Image-caption web data:
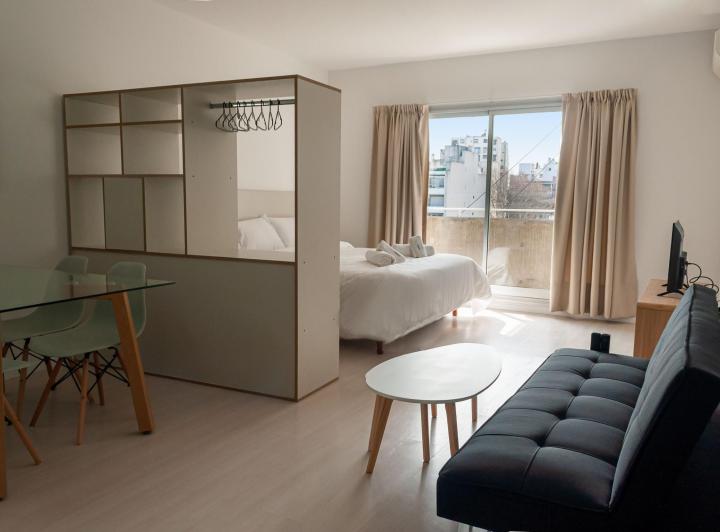 Departamento · 40m² · 1 Ambiente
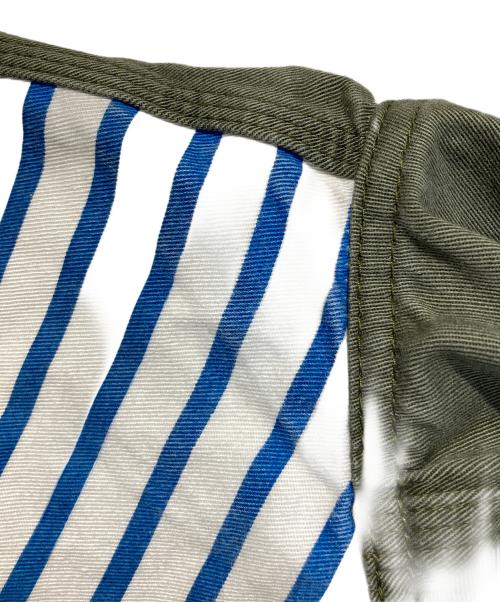 CUNE（キューン）CUNE (キューン) モッズコート カーキ サイズ:3の古着・服飾アイテム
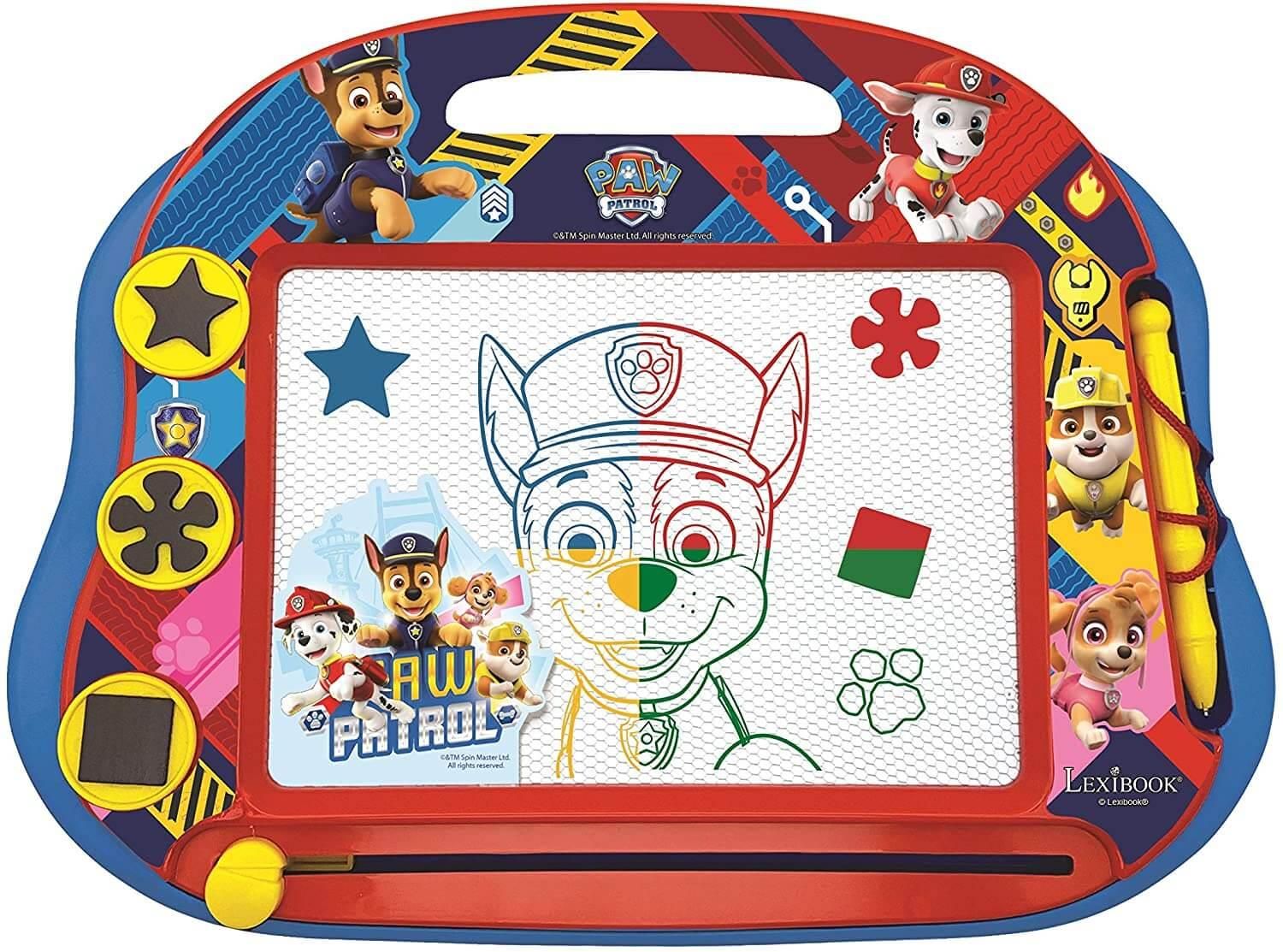 Buy PAW Patrol Magnetic Magic Drawing Board at BargainMax | Free Delivery  over £ and Buy Now, Pay Later with Klarna, ClearPay & Laybuy | Bargain  Max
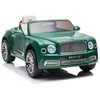 Elektromobilis vaikams Bentley Mulsanne, žalias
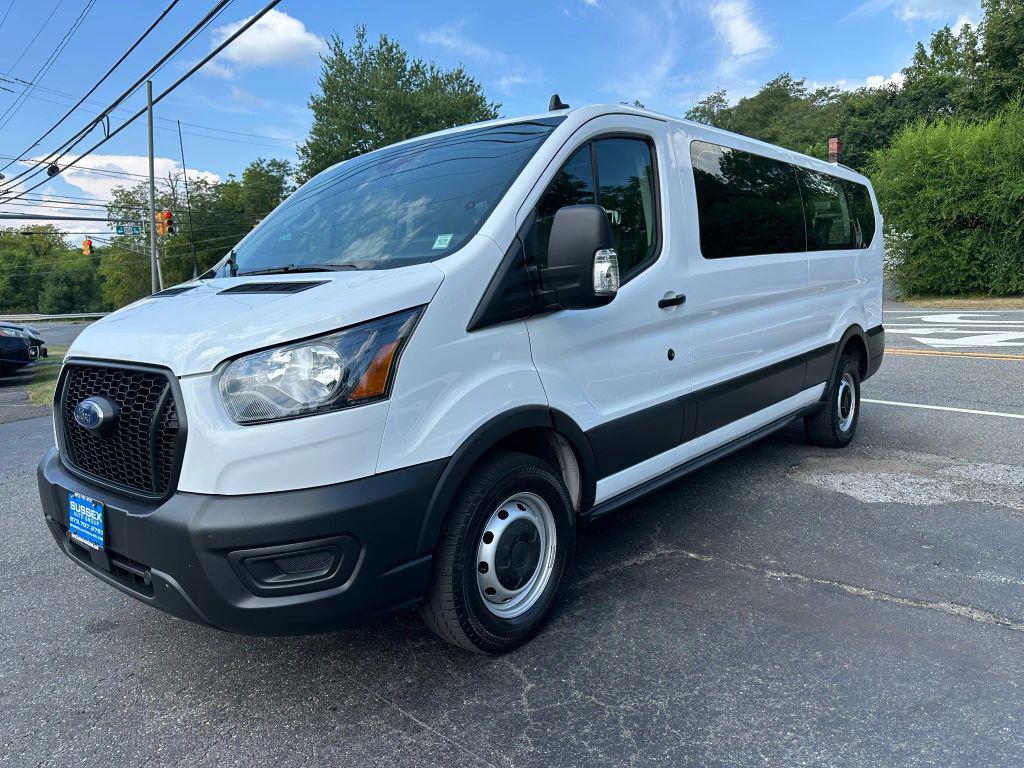 used 2023 Ford Transit-350 car, priced at $37,990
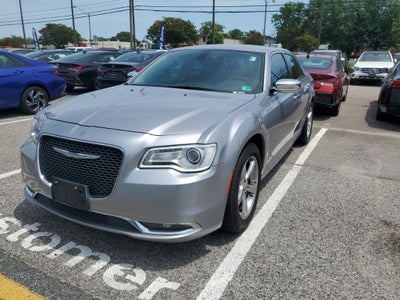 2016 Chrysler 300 300C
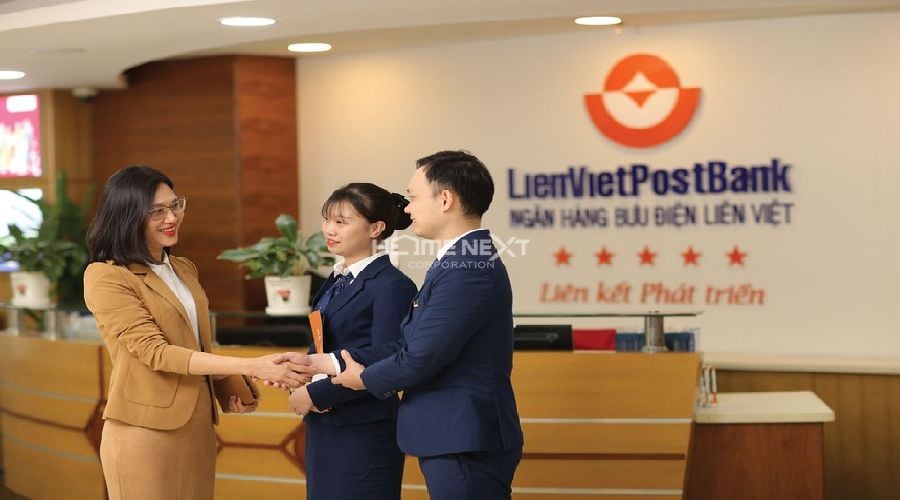 Ngân hàng LienvietPostbank - ngân hàng uy tín cho vay mua nhà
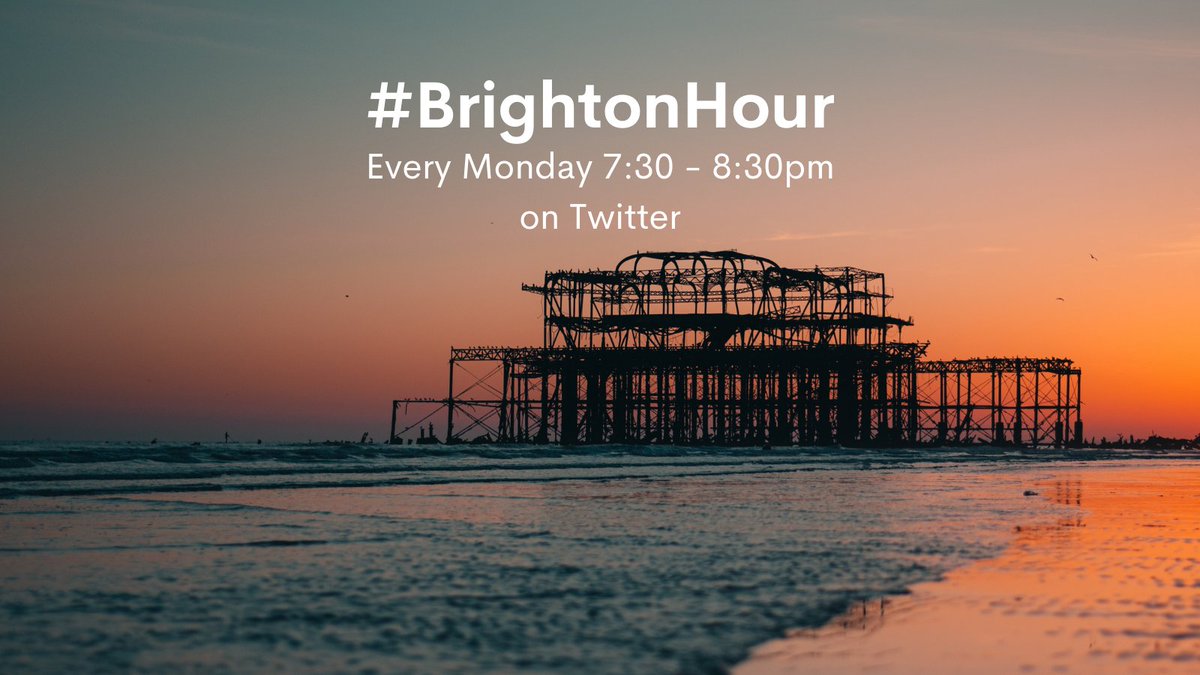 Brighton Hour tweet media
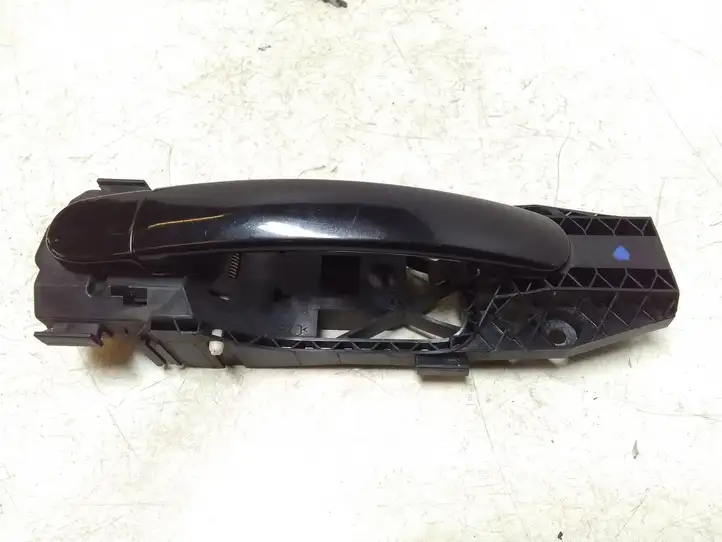 Volkswagen Tiguan (2007 - 2011) 5N0839885E Наружная ручка двери — фото 1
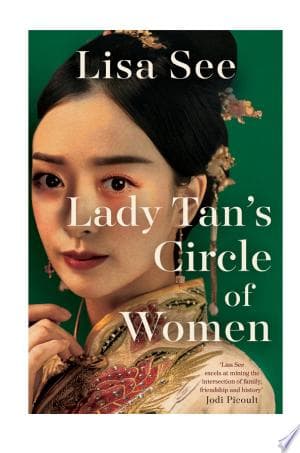 Lady Tan's Circle Of Women cover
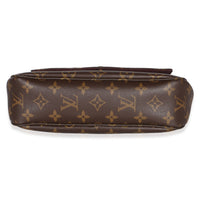 Louis Vuitton Monogram Canvas Mabillon Crossbody Handbag 5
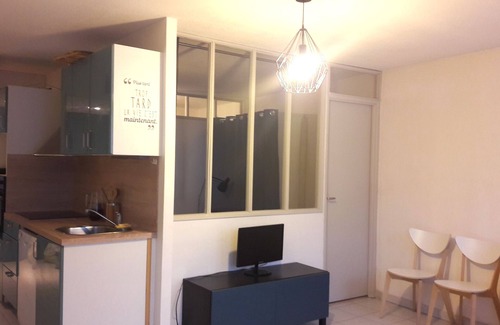 Saint-Martin Apartamento | Apartamento cerca de la estación de Saint Roch y del centro histórico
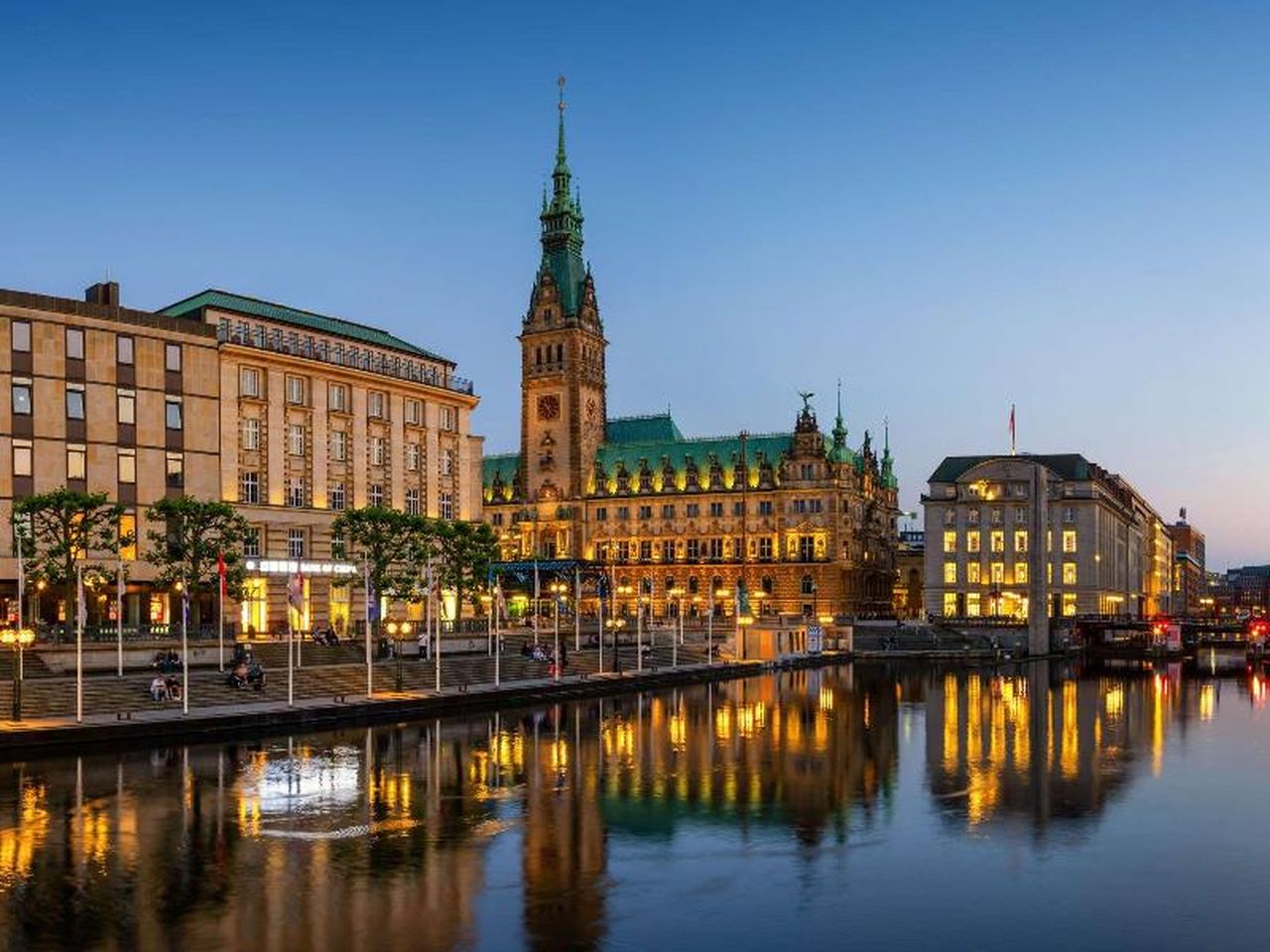 2 Tage nahe der Speicherstadt Hamburg 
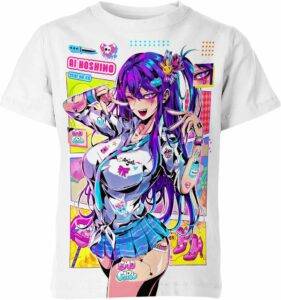 Ai Hoshino Oshi No Ko Shirt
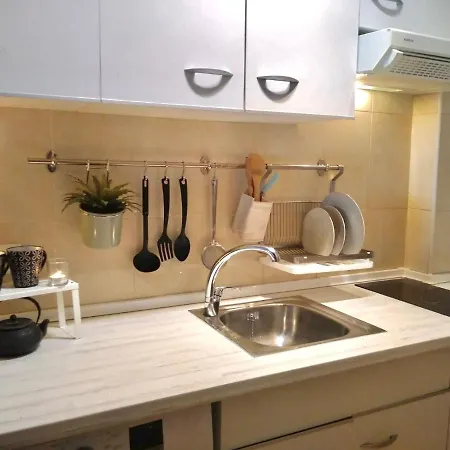 Club Bellavista - Con Vistas Al Mar 아파트 토레몰리노스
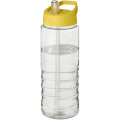 Bidón deportivo con tapa con boquilla de 750 ml H2O Active® "Treble "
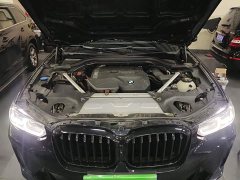 BMW X3 2022 Facelift xDrive30i Leading Edition M Night Package - ფოტო 20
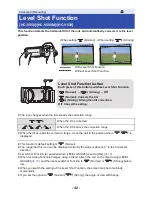 Предварительный просмотр 42 страницы Panasonic HC-V230 Operating Instructions Manual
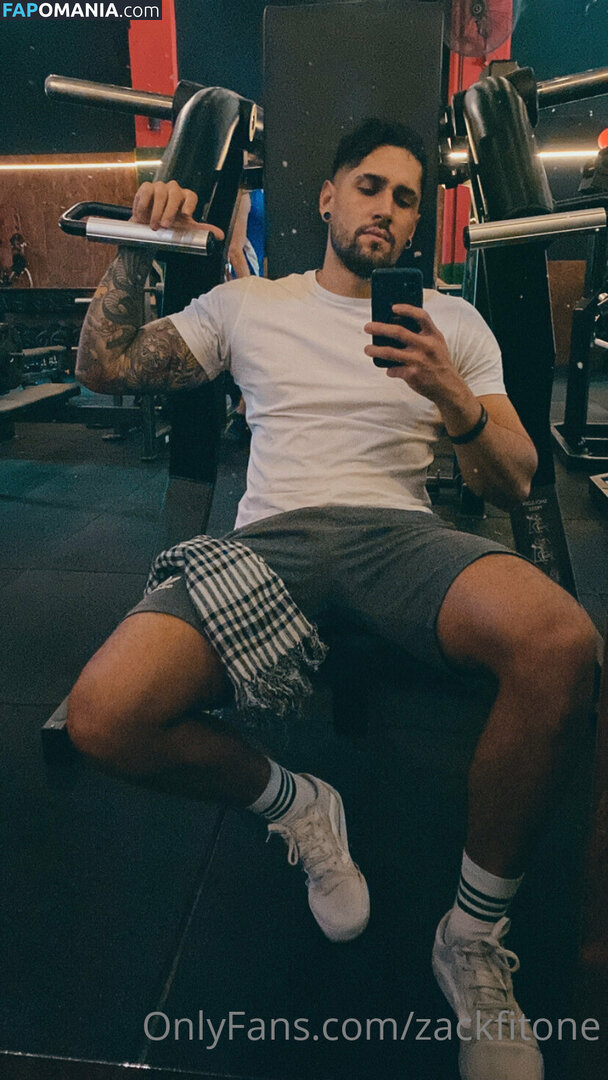 zackfitone Nackt OnlyFans  Geleaktes Foto #17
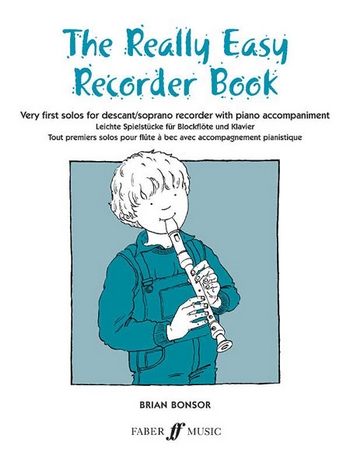 The Really Easy Recorder Book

ABOUT THIS EXERCISE: From the first line to the last, repeat the entries exactly and leave out the pictures.

COMPLETED TASK:
 Departamento · 40m² · 1 Ambiente
 CUNE（キューン）CUNE (キューン) モッズコート カーキ サイズ:3の古着・服飾アイテム
 Buy PAW Patrol Magnetic Magic Drawing Board at BargainMax | Free Delivery  over £ and Buy Now, Pay Later with Klarna, ClearPay & Laybuy | Bargain  Max
 Elektromobilis vaikams Bentley Mulsanne, žalias
 used 2023 Ford Transit-350 car, priced at $37,990
 2016 Chrysler 300 300C
 Ngân hàng LienvietPostbank - ngân hàng uy tín cho vay mua nhà
 Brighton Hour tweet media
 Volkswagen Tiguan (2007 - 2011) 5N0839885E Наружная ручка двери — фото 1
 Lady Tan's Circle Of Women cover
 Louis Vuitton Monogram Canvas Mabillon Crossbody Handbag 5
 Saint-Martin Apartamento | Apartamento cerca de la estación de Saint Roch y del centro histórico
 2 Tage nahe der Speicherstadt Hamburg 
 Ai Hoshino Oshi No Ko Shirt
 Club Bellavista - Con Vistas Al Mar 아파트 토레몰리노스
 Bidón deportivo con tapa con boquilla de 750 ml H2O Active® "Treble "
 BMW X3 2022 Facelift xDrive30i Leading Edition M Night Package - ფოტო 20
 Предварительный просмотр 42 страницы Panasonic HC-V230 Operating Instructions Manual
 zackfitone Nackt OnlyFans  Geleaktes Foto #17
 The Really Easy Recorder Book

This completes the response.